I looked online and specifically on SO to try and find the complexity of sqrt but couldn't find it. This SO post is for C# and says its O(1), and this Java post says its O(1) but could potentially iterate over all doubles.

I'm trying to understand the worst time complexity of this method. All other operations are O(1) so this is the only factor. Would appreciate any feedback!

3

There are 3 answers

2
chqrlie On BEST ANSWER

Using the floating point conversion is OK because java's int type is 32 bits and java's double type is the IEEE 64 bit format that can represent all values of 32 bit integers exactly.

If you were to implement your function for long, you would need to be more careful because many large long values are not represented exactly as doubles, so taking the square root and converting it to an integer type might not yield the actual square root.

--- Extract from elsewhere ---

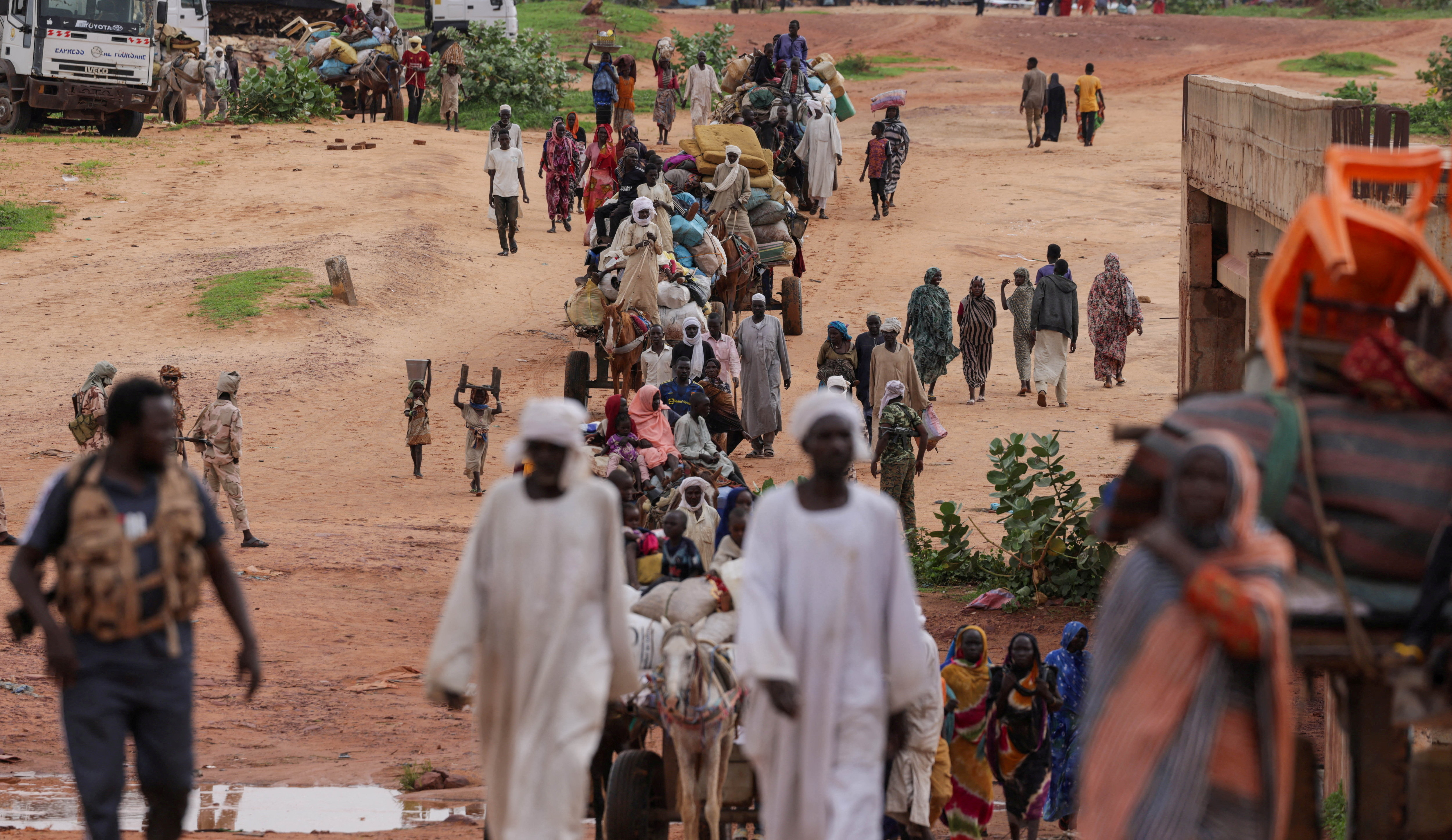 image UN now expects 1.8 million people to flee Sudan by year-end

All operations in your implementation execute in constant time, so the complexity of your solution is indeed O(1).

9
SomeDude On

java's Math.sqrt actually delegates sqrt to StrictMath.java source code one of its implementations can be found here, by looking at sqrt function, it looks like the complexity is constant time. Look at while(r != 0) loop inside.

1
Codor On

If I understood the question correctly, the Java instruction can be converted by just-in-time-compilation to use the native fsqrt instruction (however I don't know whether this is actually the case), which, according to this table, uses a bounded number of processor cycles, which means that the complexity would be O(1).